▶ EXERCISE
Reproduce nothing beyond the line containing "Versace - White". From the first line of the data below down to it, copy each line exactly, without the pictures.

▶ MATERIAL TO PROCESS
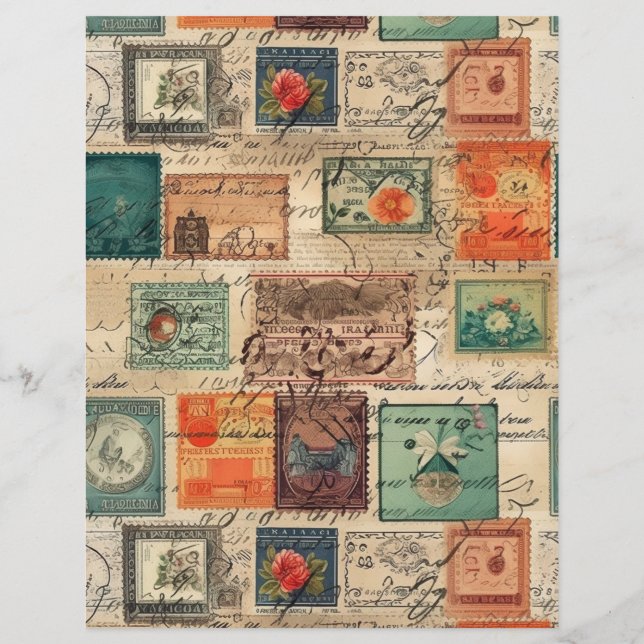 Imitate Fantasy Postage Briefmarke Collage 6 (Rückseite)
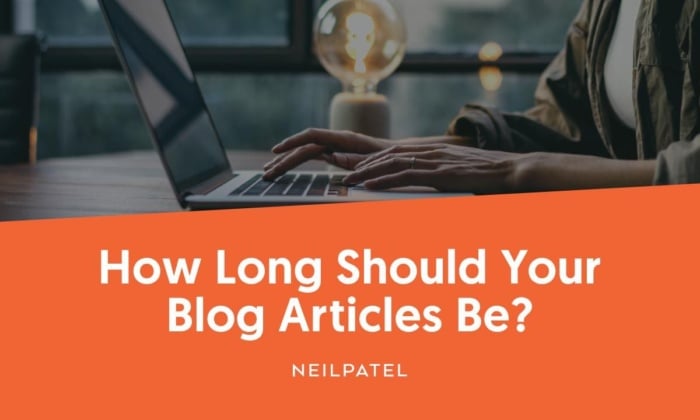 A graphic that says "How Long Should Your Blog Articles Be?"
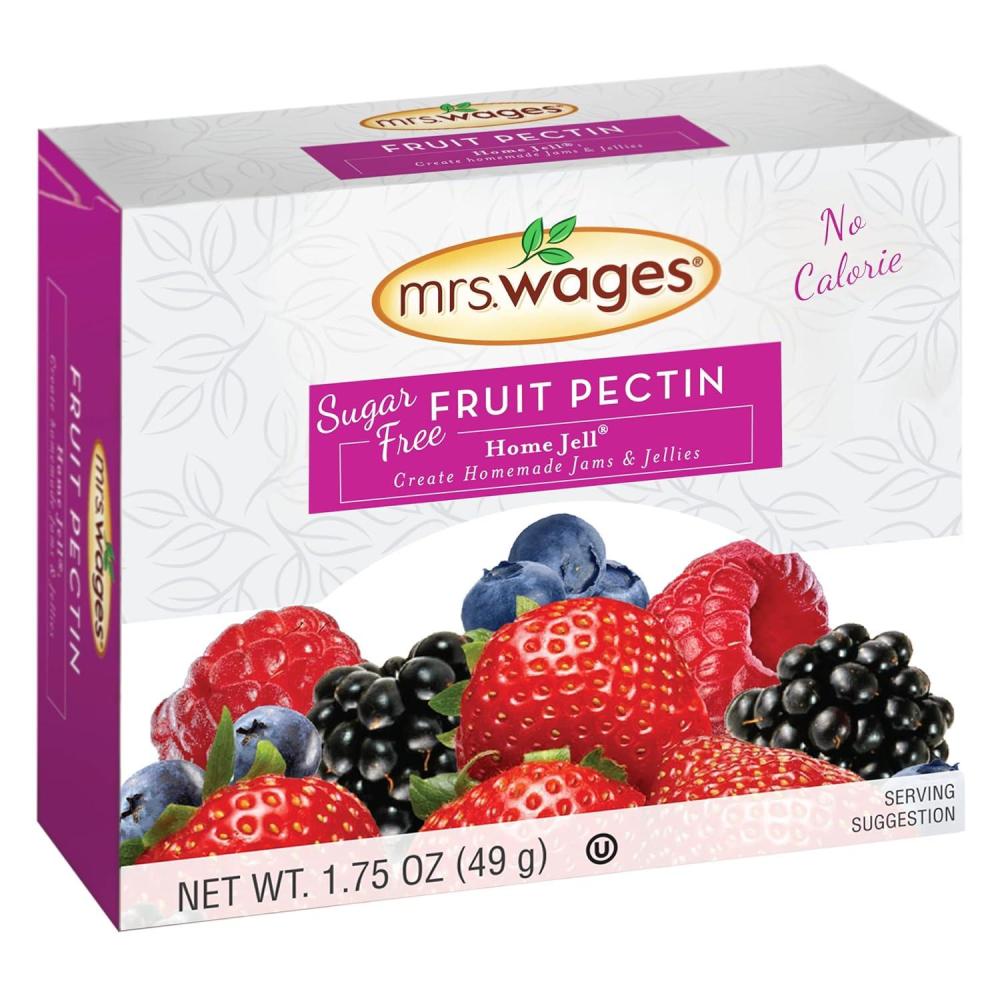 image:imageMrs Wages Fruit Pectin Home Jell EasyToUse Fast Results Homemade Jelly Jams or Freezer Jams 175 oz Carton Value Pack of 12Sugar Free Fruit Pectin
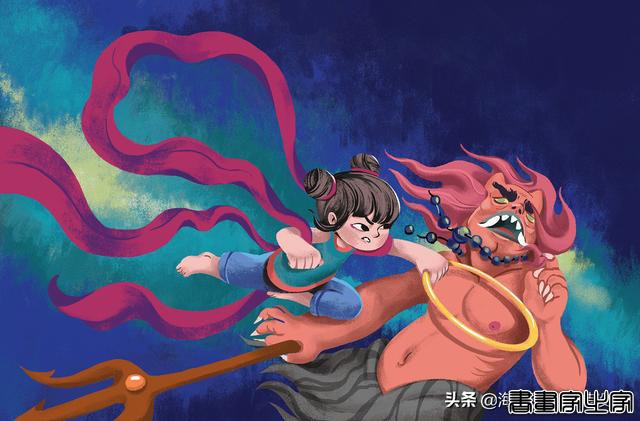 国外插画师笔下的《哪吒闹海》，也是很形象了-5.jpg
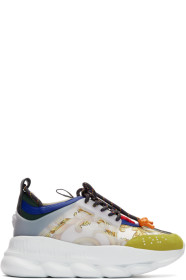 Versace - White Barocco Chain Reaction Sneakers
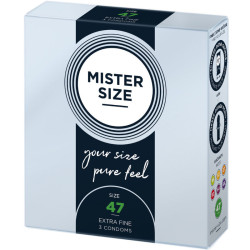 MISTER SIZE - KONDOME GRÖSSE XS 47 MM (3 EINHEITEN) – Produktansicht 2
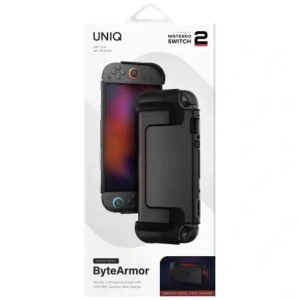 Etui UNIQ Hybrid Bytearmor do Nintendo Switch 2 czarny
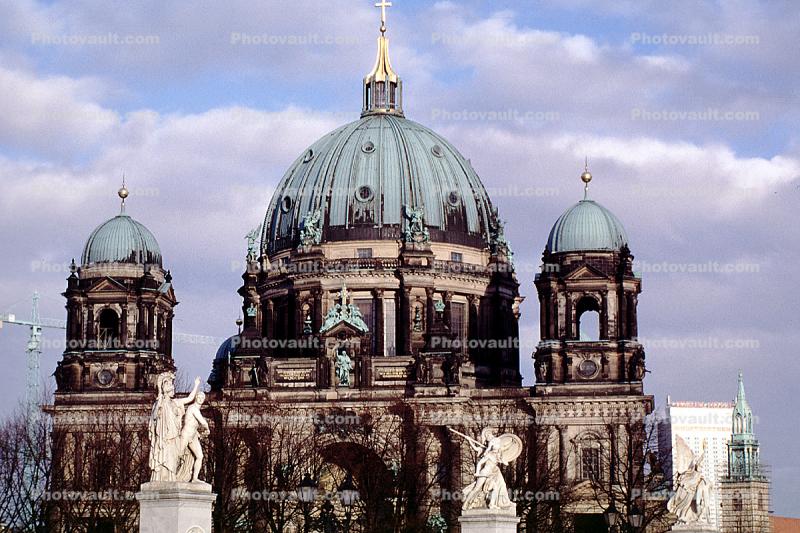 Supreme Parish and Collegiate sculpture, statue, Berlin Cathedral, Berliner Dom, Museum Island, Mitte borough, Evangelical Supreme Parish and Collegiate Church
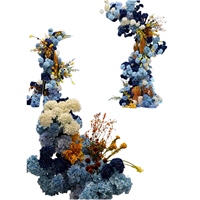 Mur photo géant pour influenceurs, présentation d'hortensias en soie tridimensionnels, toile de fond cascade pour centre commercial, mariage coloré à grande échelle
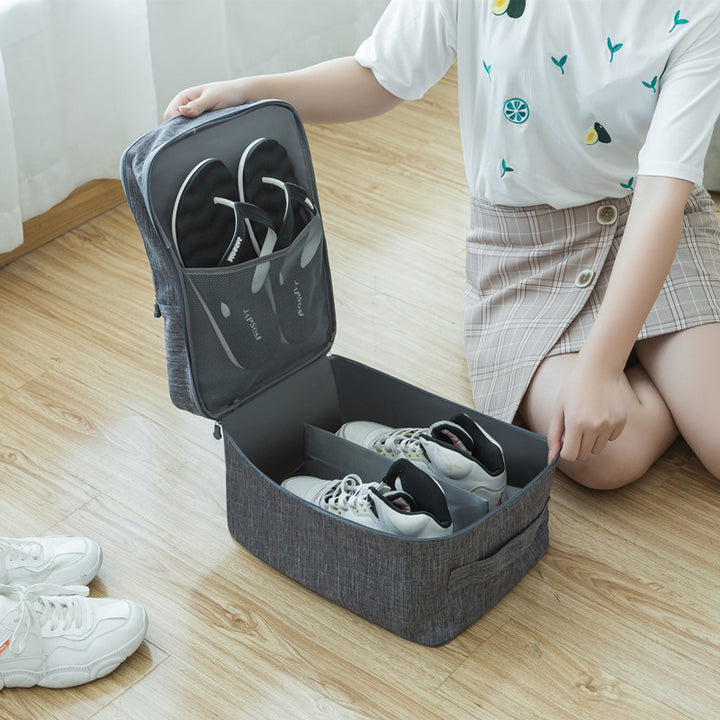 Dual Compartment Travel Shoe Organizer Stornfield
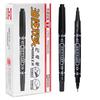 Tianzhuo 89220 Marcador de Doble Punta a Base de Aceite Negro Rojo Azul Arte Contorneado Bolígrafo Liner Estudiante Punta Fina Bolígrafo de Firma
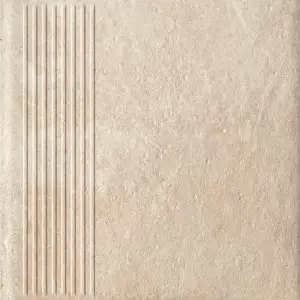 Paradyż Scandiano Beige Stopnica Prosta 30x30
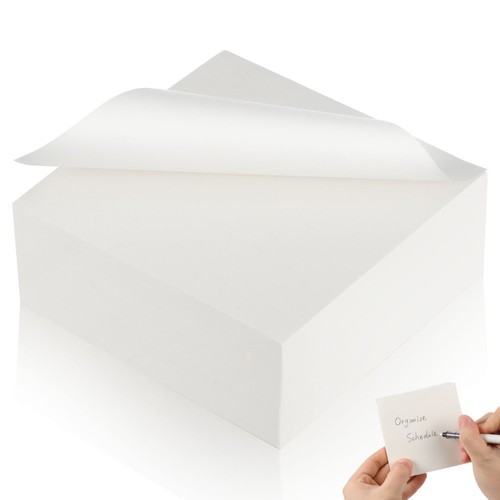 400pcs white blank note pads - note,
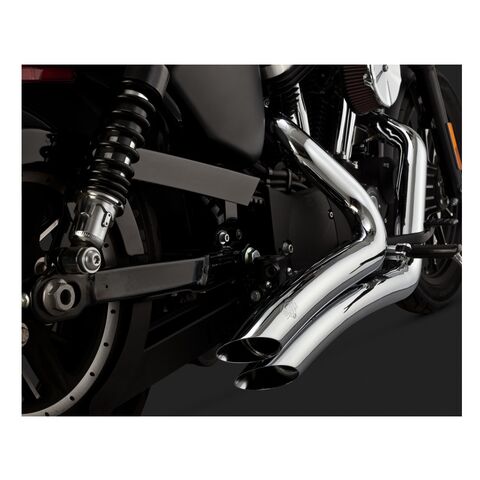 Vance & Hines PCX Big Radius 2-Into-2 Exhaust For Harley Sportster 2014-2022 Matte Black [Blemished - Good]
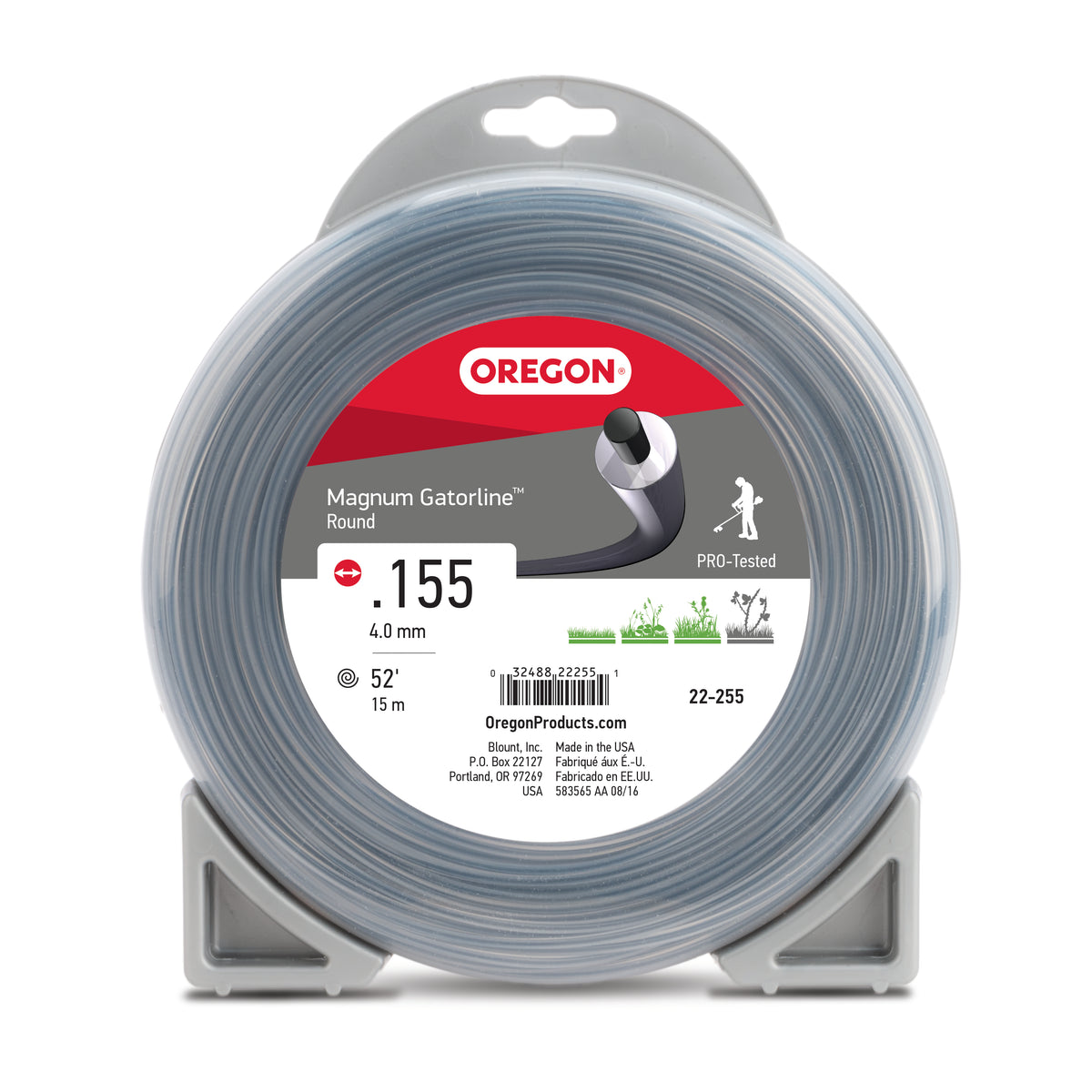Oregon 22-255 GATORLINE,MAGNUM ROUND .155 1/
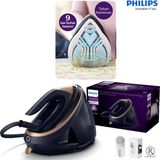 Philips Perfectcare 9000 Serisi Activesense Kameralı Yapay Zeka Destekli 9 Bar 3100W Buhar Kazanlı Ütü - Kumaş Tanıma, Sıfır Yanık, Akıllı Otomatik Isı Ayarı - Lacivert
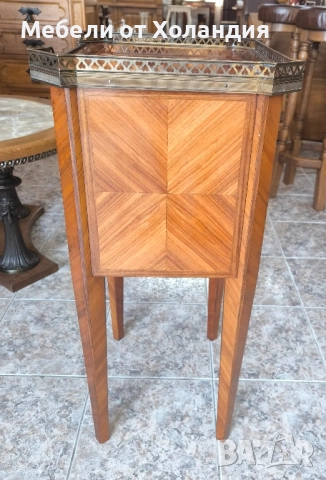 шкафче Луи 16-ти с интарзия, снимка 7 - Шкафове - 52524490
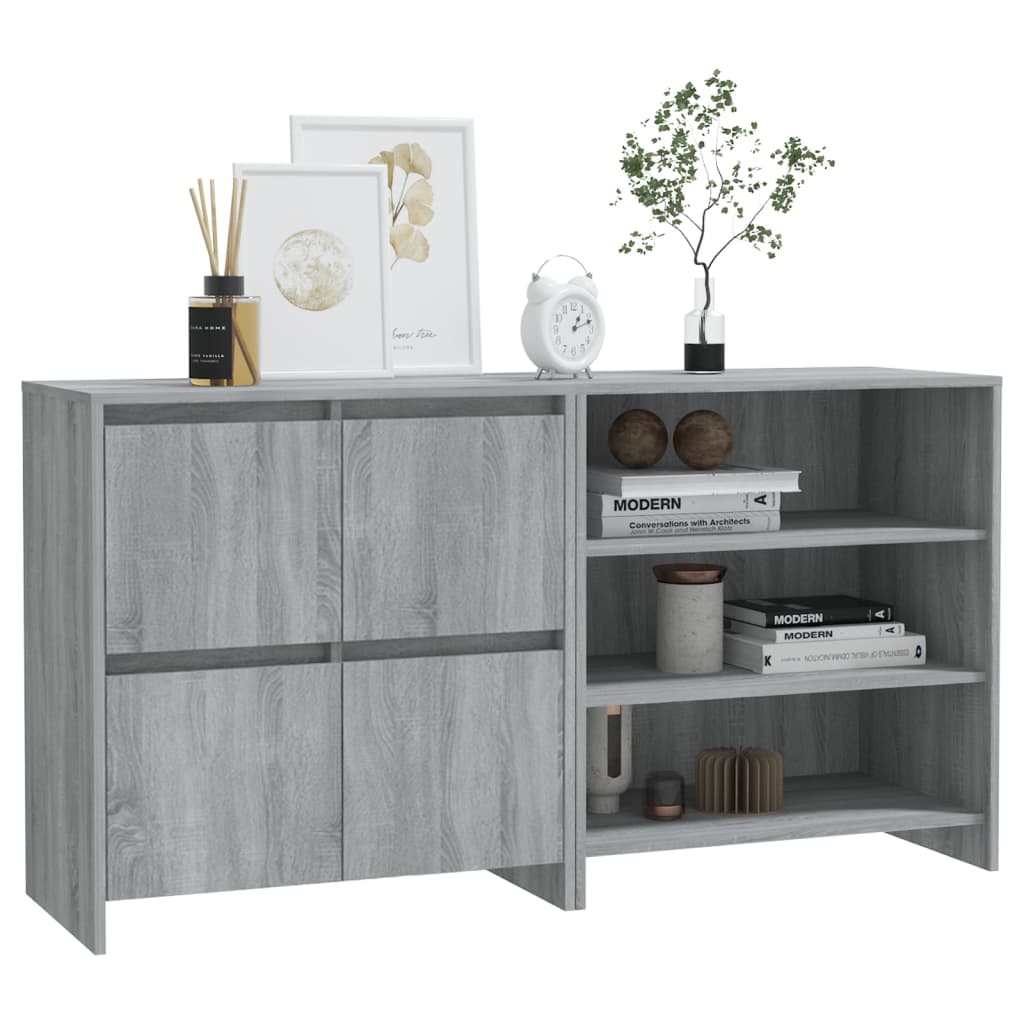 Credenze 2 pz Grigio Sonoma in Legno Multistrato - homemem39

▶ FINAL ANSWER
 Imitate Fantasy Postage Briefmarke Collage 6 (Rückseite)
 A graphic that says "How Long Should Your Blog Articles Be?"
 image:imageMrs Wages Fruit Pectin Home Jell EasyToUse Fast Results Homemade Jelly Jams or Freezer Jams 175 oz Carton Value Pack of 12Sugar Free Fruit Pectin
 国外插画师笔下的《哪吒闹海》，也是很形象了-5.jpg
 Versace - White Barocco Chain Reaction Sneakers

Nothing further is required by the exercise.